Economics

For the Fed's Janet Yellen, It's No More Ms. Nice Chair

Yellen is still perceived as a dove, but investors who bet on that may be in for a nasty surprise
Illustration by 731; Yellen: Andrew Harrer/Bloomberg

Federal Reserve Chair Janet Yellen has been called a dove so many times, including in this magazineBloomberg Terminal, that one half-expects to spy white feathers protruding from her black suits. Her career has taken her through such liberal enclaves as New Haven, Cambridge, Mass., and Berkeley, Calif. She’s married to a rumpled lefty (and Nobel laureate) who once called the George W. Bush administration “the worst government the U.S. has ever had.” She’s devoted much of her research to unemployment, the doves’ No. 1 concern. This March, in her first speech as Fed chair, she broke from the Fed’s tradition of depersonalizing policy by introducing three “brave men and women” who were struggling to find jobs. When President Obama nominated her last year to head the Fed, bond king Bill Gross told Bloomberg TV, “She’s a dove, actually, with a capital D.”
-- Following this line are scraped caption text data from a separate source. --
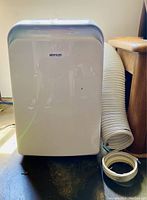 Front view of white Brada portable air conditioner and dehumidifier with vent hose coiled beside it.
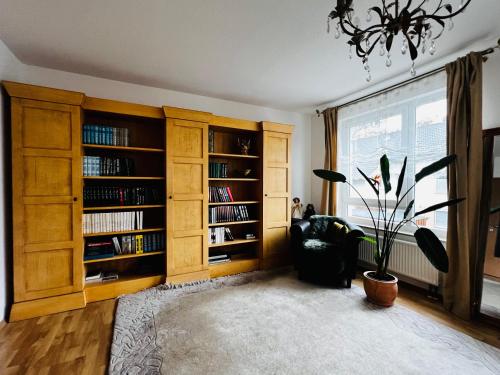 ein Wohnzimmer mit Bücherregalen und einer Topfpflanze in der Unterkunft Exklusives Haus mit Garten in Hannover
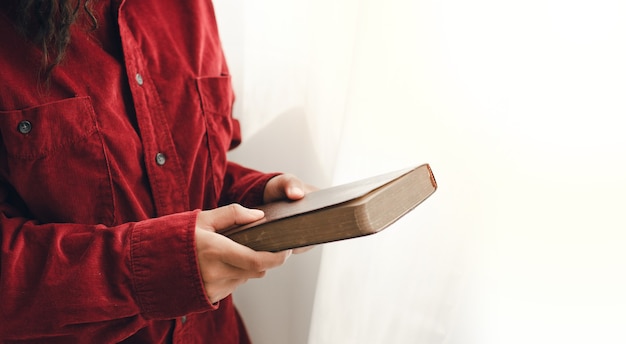 Una mujer joven de pie y orando en la Biblia, copie el espacio. Al lado de la ventana espejada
It’s time for a reappraisal. With apologies to the legendary Gross and other labelers, Yellen isn’t a true dove—that is, someone who consistently puts fighting unemployment above keeping a lid on inflation. The perception that she is may be the biggest misunderstanding in all of finance and economics. Investors and corporate executives who bet that rates will remain superlow in coming months and years because the Yellen-led Fed will hang back could be in for a nasty surprise.